# Your objective:
Could every line below be transcribed exactly, with the pictures dropped?

# Exercise data:

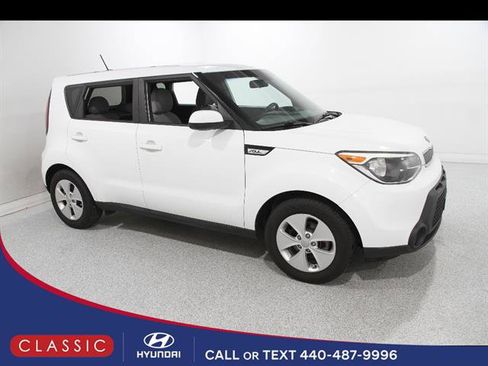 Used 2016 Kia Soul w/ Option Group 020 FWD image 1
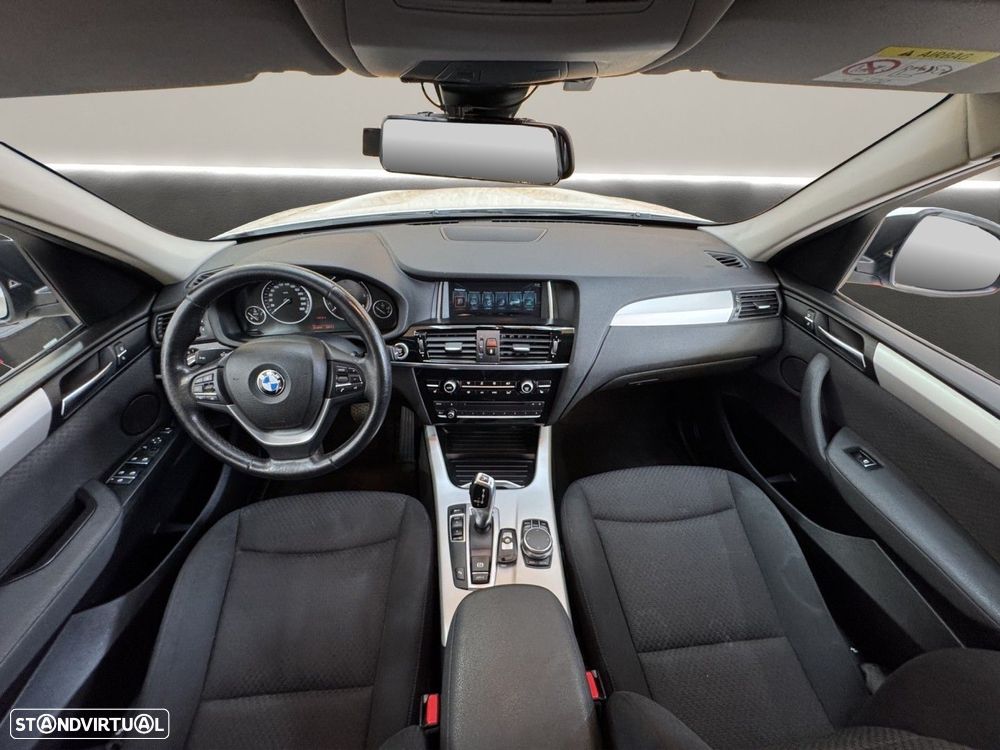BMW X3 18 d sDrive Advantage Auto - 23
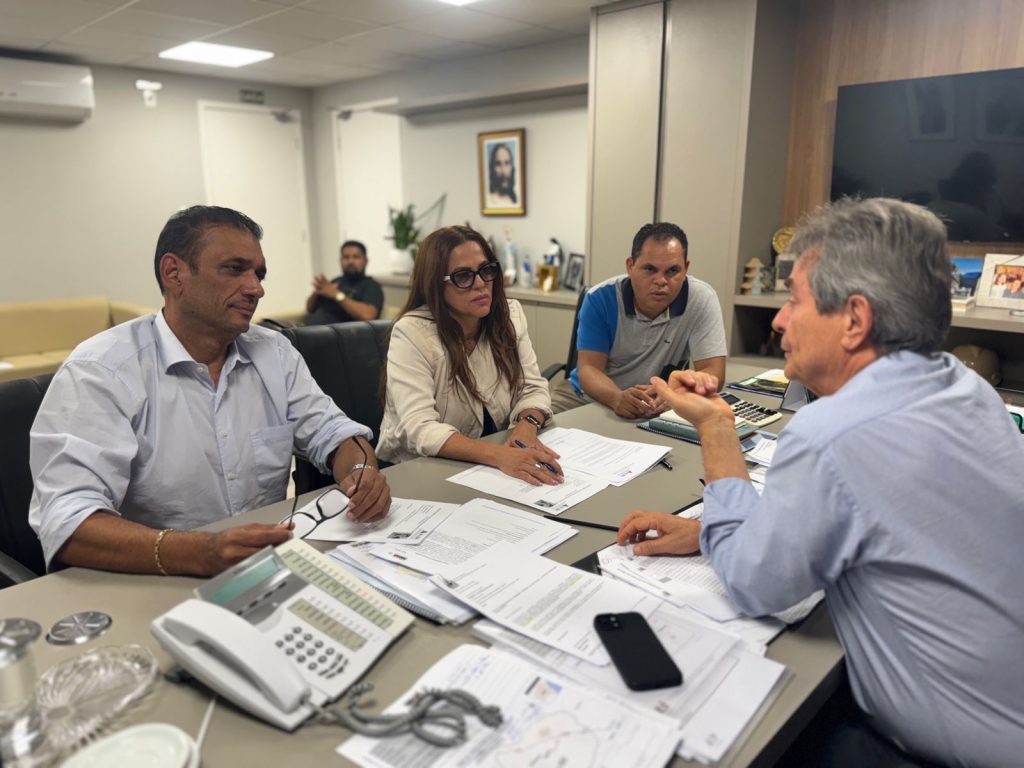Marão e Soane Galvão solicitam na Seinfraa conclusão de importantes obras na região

# Solution for this exercise:
 Used 2016 Kia Soul w/ Option Group 020 FWD image 1
BMW X3 18 d sDrive Advantage Auto - 23
Marão e Soane Galvão solicitam na Seinfraa conclusão de importantes obras na região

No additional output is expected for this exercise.